Chris Stirewalt at The Dispatch:

Five years ago, when my friend Charles Krauthammer announced that he had been diagnosed with terminal cancer and would soon be leaving us to sort life out without his help, Bret Stephens of the New York Times joined the river of mournful celebration of Dr. K’s life and work. “Since I’m not aware of any precise antonym to the term ‘straw man,’” Stephens wrote. “I hereby nominate the noun ‘krauthammer’ to serve the function.”

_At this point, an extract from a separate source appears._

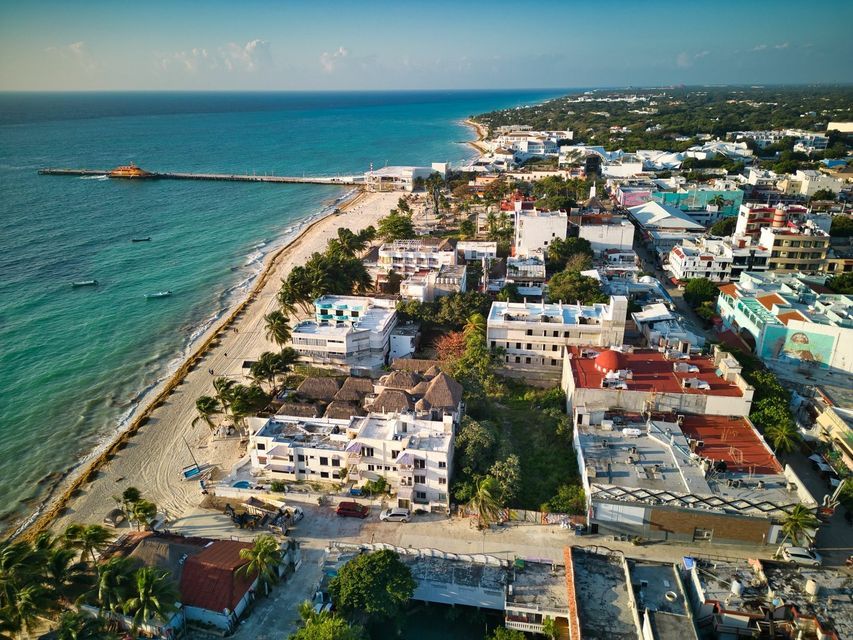 Vue aérienne d'une ville côtière avec une plage de sable et une longue jetée s'avançant dans l'océan turquoise.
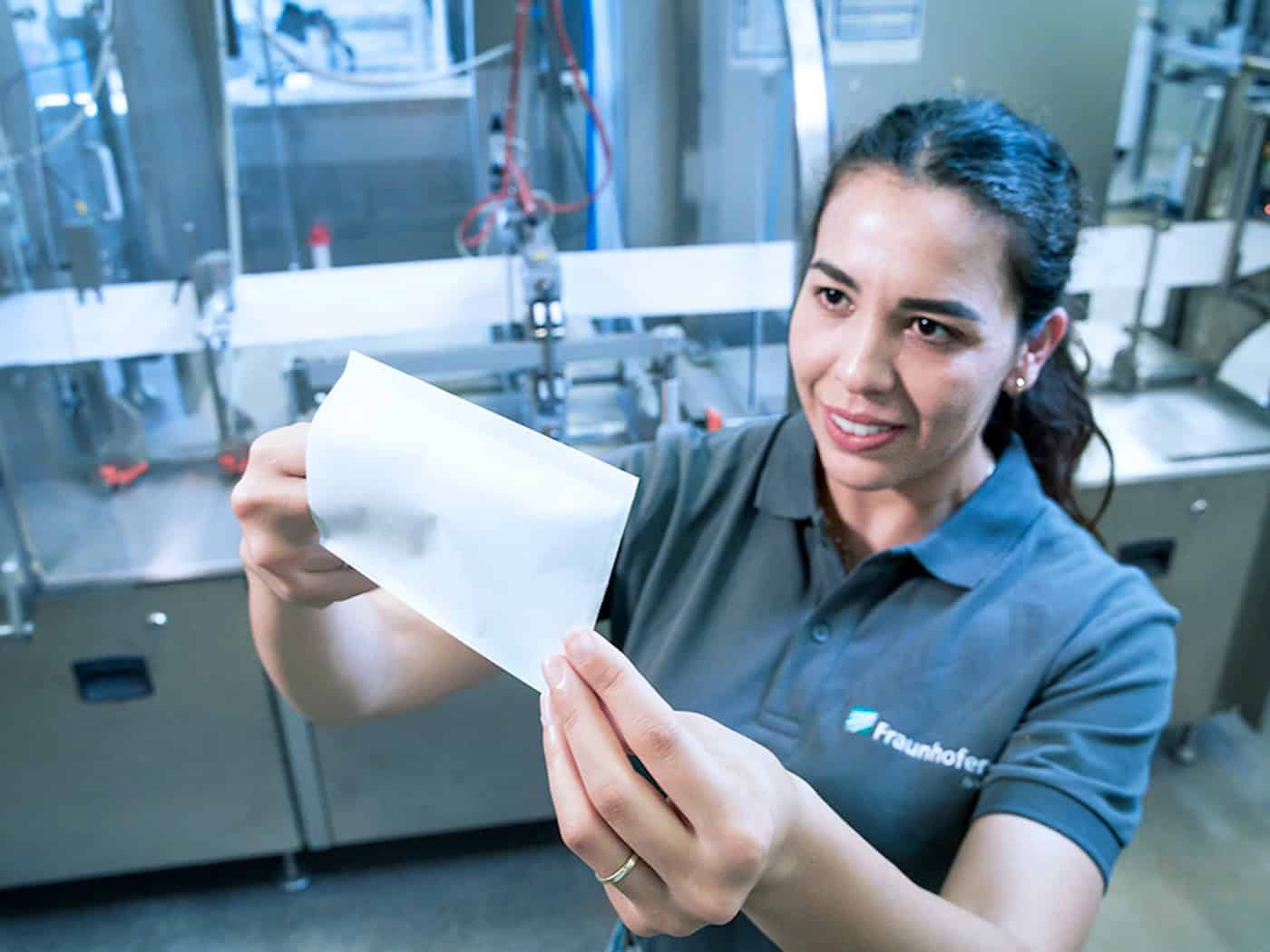 So sieht die Verpackung der Zukunft aus: Eine Mitarbeiterin des Fraunhofer IVV begutachtet eine Papiertüte, die per Laser und Heißsiegelverfahren verschlossen wurde.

And well it could. Charles wrote and argued without relying on disagreeable nuts to make his case for him, nor did he publicly revel (much) in the frequent flailing of his adversaries. Charles could often make the counterargument better than his opponent could and still dispatch it. He did this with good humor and his love for the absurd, but also through elevation. As Stephens put it, “by getting his readers to raise their sights above the parapets of momentary passion and parochial interest.”

 

It is one of my core beliefs that no one has ever won an argument. If we define victory as changing the opinion of one’s adversary, arguing doesn’t just fail to convince, it actively pushes the other side away. Never has a person in an argument said, “Wait a second, that part you said about my ignorance and hypocrisy—I’d never seen it that way, friend-o. You’ve shown me that I really am obtuse and morally blinkered. I hereby agree with you.”

 

But that doesn’t mean we cannot persuade. And to persuade, we must first identify the shared values we have in common—to get our heads above those parapets.